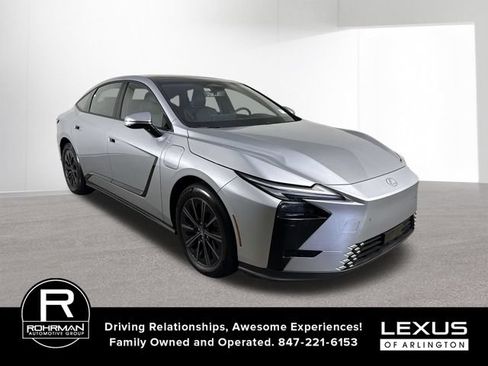 Certified 2026 Lexus ES 350e w/ Convenience Package FWD image 3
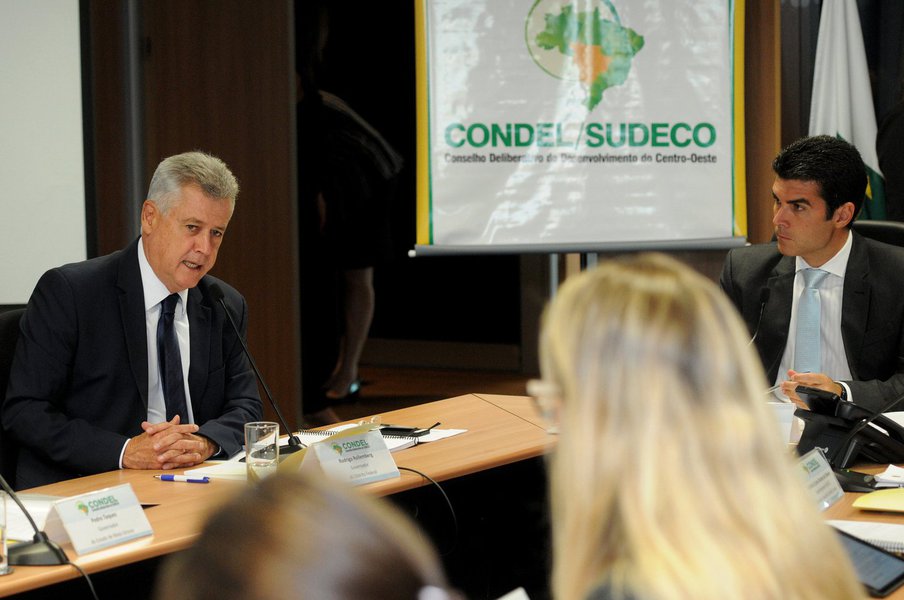 A programação do Fundo Constitucional de Financiamento do Centro-Oeste (FCO) para 2017 conta com novas definições; o Conselho Deliberativo do Centro-Oeste, órgão de administração colegiada vinculado ao Ministério da Integração Nacional, decidiu que as propostas no valor de até R$ 1 milhão terão os processos simplificados; também foi acertado que a assistência máxima será ampliada: passará de R$ 300 milhões para R$ 400 milhões; essas foram as principais definições acerca do fundo deliberadas durante a 7ª reunião ordinária do grupo, na sede do Banco do Brasil (Foto: Leonardo Lucena) A programação do Fundo Constitucional de Financiamento do Centro-Oeste (FCO) para 2017 conta com novas definições; o Conselho Deliberativo do Centro-Oeste, órgão de administração colegiada vinculado ao Ministério da Integração Nacional, decidiu que as propostas no valor de até R$ 1 milhão terão os processos simplificados; também foi acertado que a assistência máxima será ampliada: passará de R$ 300 milhões para R$ 400 milhões; essas foram as principais definições acerca do fundo deliberadas durante a 7ª reunião ordinária do grupo, na sede do Banco do Brasil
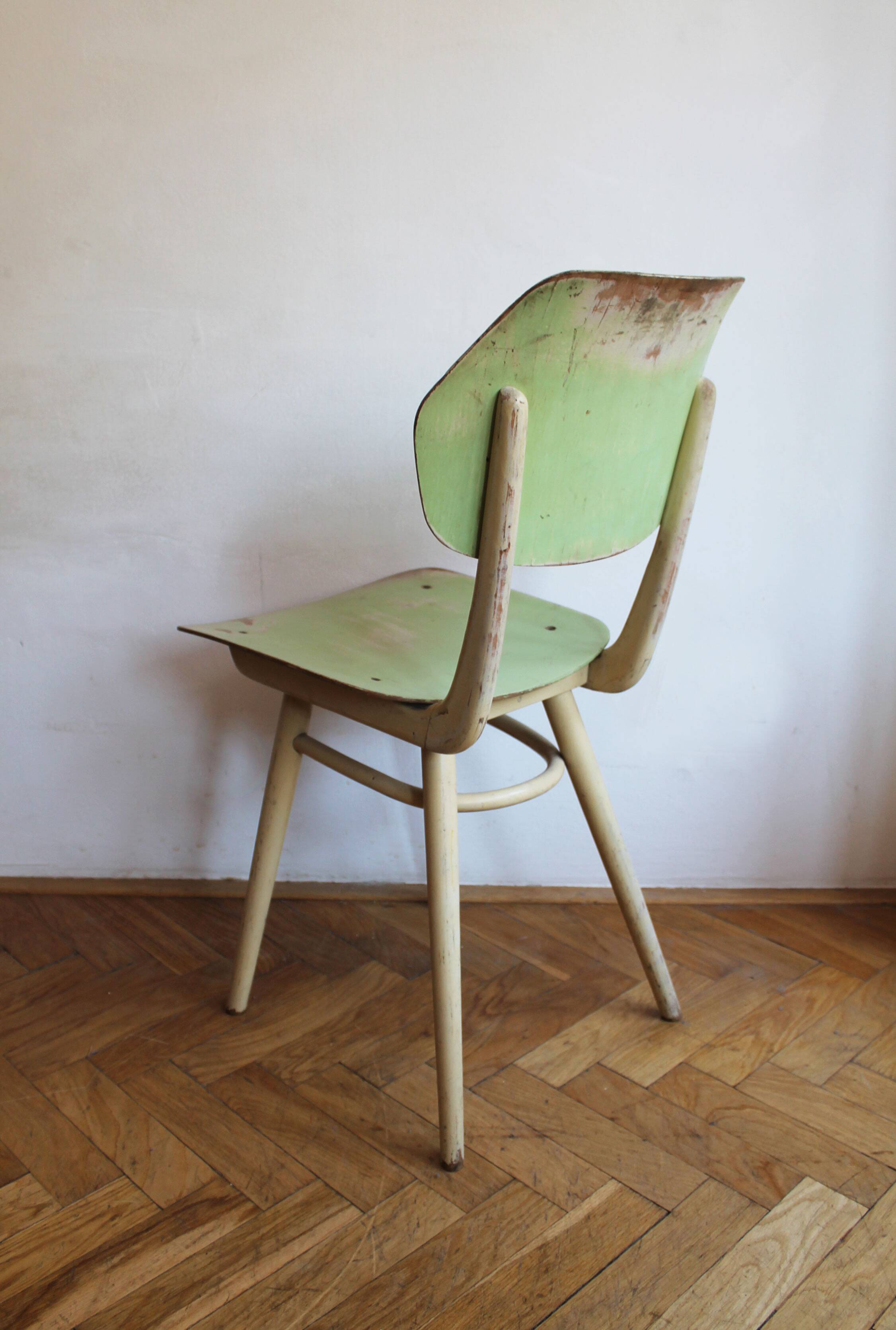 Set of 6 vintage TON chairs in painted wood, Czechoslovakia, 1964
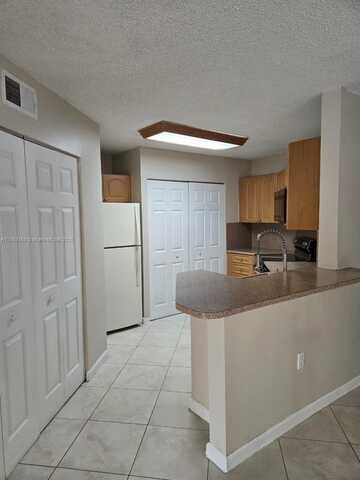 6272 NW 186th St, Hialeah, FL 33015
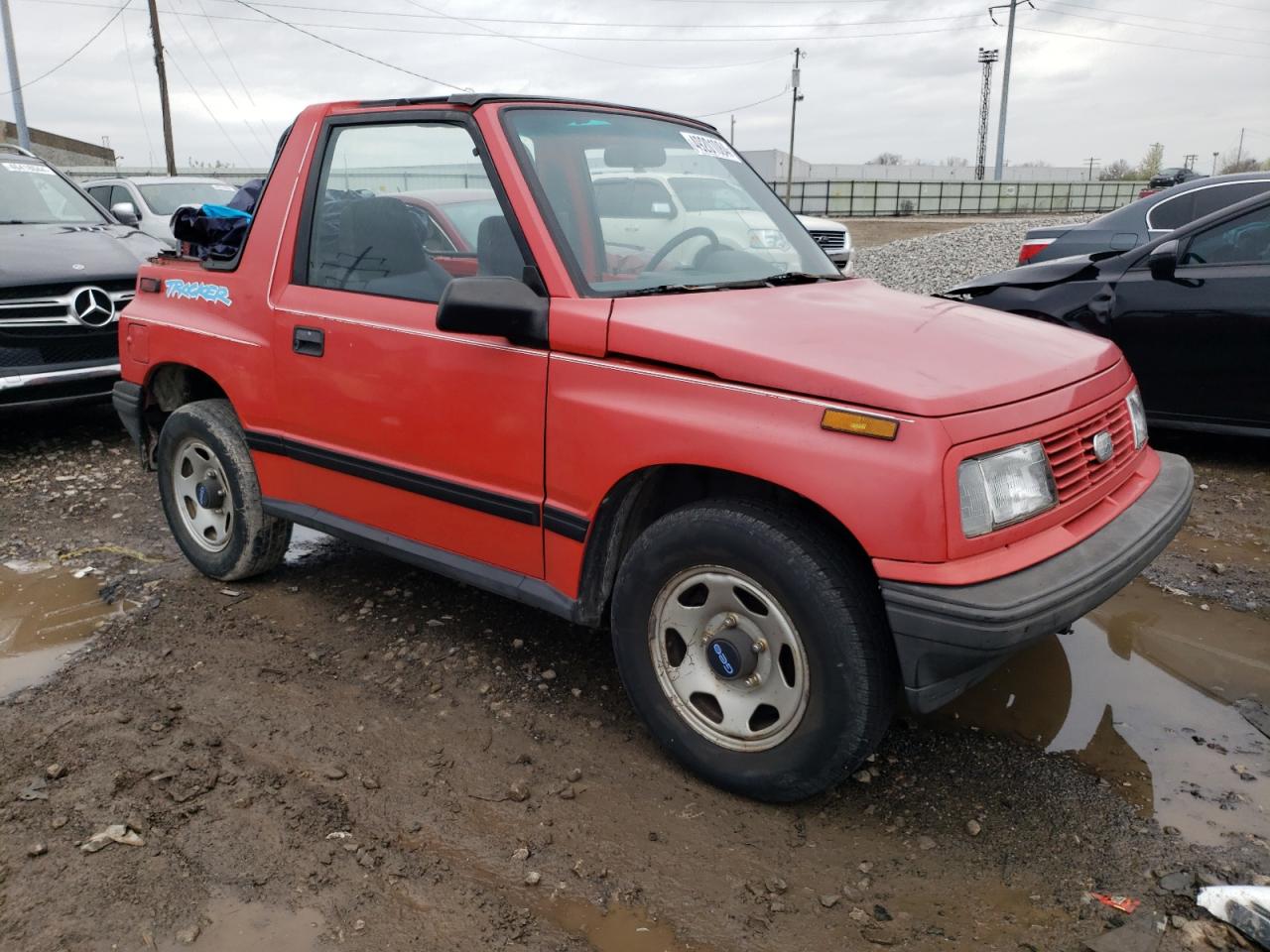 Photo 3 VIN: 2CNBE18U3S6947238 - GEO TRACKER 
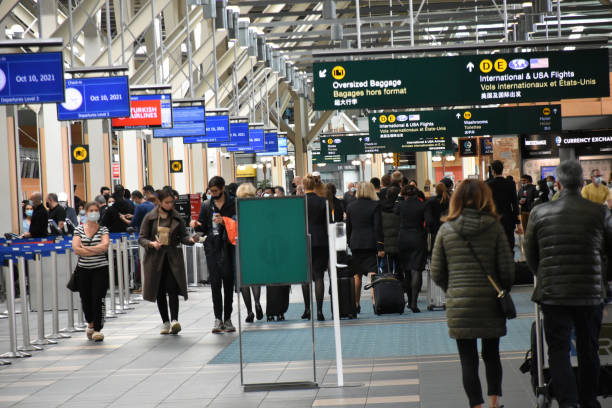 밴쿠버 국제 공항, 브리티시 컬럼비아, 캐나다, 걷는 사람들, 수하물 장면 - vancouver international airport 뉴스 사진 이미지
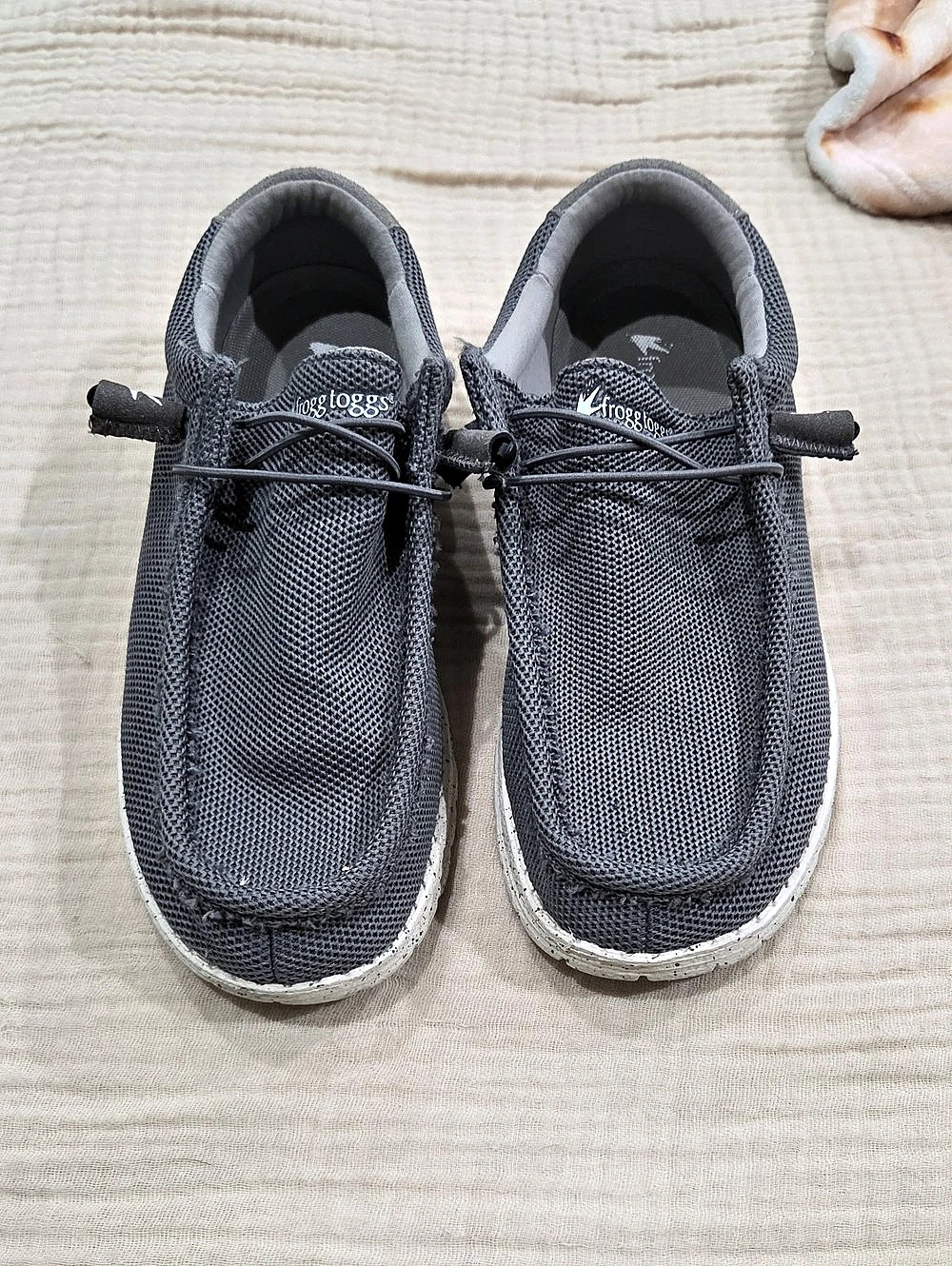 Frogg Toggs Gray Casual Shoes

• • • •

- **What is expected**:
Nothing but the lines from the one containing "밴쿠버 국제 공항, 브리티시" through the end of the listing is to be output, and those lines are to be output exactly, pictures excluded.

- **Answer to this exercise**:
 밴쿠버 국제 공항, 브리티시 컬럼비아, 캐나다, 걷는 사람들, 수하물 장면 - vancouver international airport 뉴스 사진 이미지
 Frogg Toggs Gray Casual Shoes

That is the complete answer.